- [WHAT IS NEEDED]: I need the records below retyped exactly.
━━ INFORMATION PROVIDED
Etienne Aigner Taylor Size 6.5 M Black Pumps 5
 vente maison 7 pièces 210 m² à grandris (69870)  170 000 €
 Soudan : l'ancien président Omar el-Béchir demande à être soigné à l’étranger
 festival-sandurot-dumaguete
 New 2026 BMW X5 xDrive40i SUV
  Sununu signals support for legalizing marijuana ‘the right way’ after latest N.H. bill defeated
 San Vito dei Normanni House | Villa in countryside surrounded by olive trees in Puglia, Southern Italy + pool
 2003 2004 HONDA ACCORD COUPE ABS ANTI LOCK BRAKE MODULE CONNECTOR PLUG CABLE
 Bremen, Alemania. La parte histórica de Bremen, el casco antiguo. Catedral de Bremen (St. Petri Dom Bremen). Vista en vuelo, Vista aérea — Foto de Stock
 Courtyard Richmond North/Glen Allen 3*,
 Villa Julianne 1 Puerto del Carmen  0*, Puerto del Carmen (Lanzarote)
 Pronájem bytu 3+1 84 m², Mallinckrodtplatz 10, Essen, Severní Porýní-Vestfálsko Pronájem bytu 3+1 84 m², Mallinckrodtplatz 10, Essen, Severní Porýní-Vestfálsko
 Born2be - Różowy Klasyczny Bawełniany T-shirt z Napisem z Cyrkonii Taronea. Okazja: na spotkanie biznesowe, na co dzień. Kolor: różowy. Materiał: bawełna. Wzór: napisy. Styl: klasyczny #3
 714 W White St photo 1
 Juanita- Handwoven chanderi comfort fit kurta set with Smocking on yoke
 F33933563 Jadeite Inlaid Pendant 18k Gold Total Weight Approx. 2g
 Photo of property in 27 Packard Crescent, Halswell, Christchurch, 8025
━━━━
- [TASK RESPONSE]:
Etienne Aigner Taylor Size 6.5 M Black Pumps 5
 vente maison 7 pièces 210 m² à grandris (69870)  170 000 €
 Soudan : l'ancien président Omar el-Béchir demande à être soigné à l’étranger
 festival-sandurot-dumaguete
 New 2026 BMW X5 xDrive40i SUV
  Sununu signals support for legalizing marijuana ‘the right way’ after latest N.H. bill defeated
 San Vito dei Normanni House | Villa in countryside surrounded by olive trees in Puglia, Southern Italy + pool
 2003 2004 HONDA ACCORD COUPE ABS ANTI LOCK BRAKE MODULE CONNECTOR PLUG CABLE
 Bremen, Alemania. La parte histórica de Bremen, el casco antiguo. Catedral de Bremen (St. Petri Dom Bremen). Vista en vuelo, Vista aérea — Foto de Stock
 Courtyard Richmond North/Glen Allen 3*,
 Villa Julianne 1 Puerto del Carmen  0*, Puerto del Carmen (Lanzarote)
 Pronájem bytu 3+1 84 m², Mallinckrodtplatz 10, Essen, Severní Porýní-Vestfálsko Pronájem bytu 3+1 84 m², Mallinckrodtplatz 10, Essen, Severní Porýní-Vestfálsko
 Born2be - Różowy Klasyczny Bawełniany T-shirt z Napisem z Cyrkonii Taronea. Okazja: na spotkanie biznesowe, na co dzień. Kolor: różowy. Materiał: bawełna. Wzór: napisy. Styl: klasyczny #3
 714 W White St photo 1
 Juanita- Handwoven chanderi comfort fit kurta set with Smocking on yoke
 F33933563 Jadeite Inlaid Pendant 18k Gold Total Weight Approx. 2g
 Photo of property in 27 Packard Crescent, Halswell, Christchurch, 8025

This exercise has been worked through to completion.